Now my confusion is do i break up with both of them and wait" for the lady God has provided for me" or just stick to the first girl and ride it out with her since she stuck to me too when her folks were against it and damn whatever the pastor has seen?
pls i want reasonable contribution from people who have been in situations like this before
.
please note that am from a close knit family as am like the father of the house now since my dad is late.
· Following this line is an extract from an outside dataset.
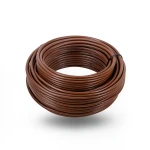 2.5mm Flexible Copper Electric Wire 450/750 volts, PVC Insulation, Brown Color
Wait I just read this thing again. Abeg your mum is not marrying her ohh better listen carefully.the fact that u have second thoughts about the first girl like this is a big redflag, free her dnt put u and her in misery she will pick herself up the earlier u let her go. From ur write up u are not inlove with her. As for girl number 2 ur conclusion really is pastor said she is not ur wife. Read what u wrote again. Girl number one u gave us a few reasons why u dnt want her, plus pastor girl number 2 is becos of just pastor. U go to ur maker by urself and ask for confirmation if it is someone else you are meant to be with.besides from ur story ur mum seems biased because she knows girl 1. (It could have been her plan that u must marry girl 1 .like u said she loves her.) Doesn't make sense that she will say she won't have anything to do with them only to say by force you must do introduction if you like it or not. Don't end up with somebody that will irritate you marriage is for life.
Re: To Marry Or Not To Marry..can this end well ?? by Nobody: 11:55pm On Dec 03, 2012
undecided
Re: To Marry Or Not To Marry..can this end well ?? by Nobody: 6:11am On Dec 04, 2012
My guy, I have lived long enough on earth to understand that most pastors are wrong and most mothers are wrong too concirning the issue of marriage. Go find ur wife ursef. We have people who were told not to marry by their pastors, and many yrs later, their marriages are still going stronger. Btw, do not b surprised when u see same pastors who advised u on marriage going thru divorce.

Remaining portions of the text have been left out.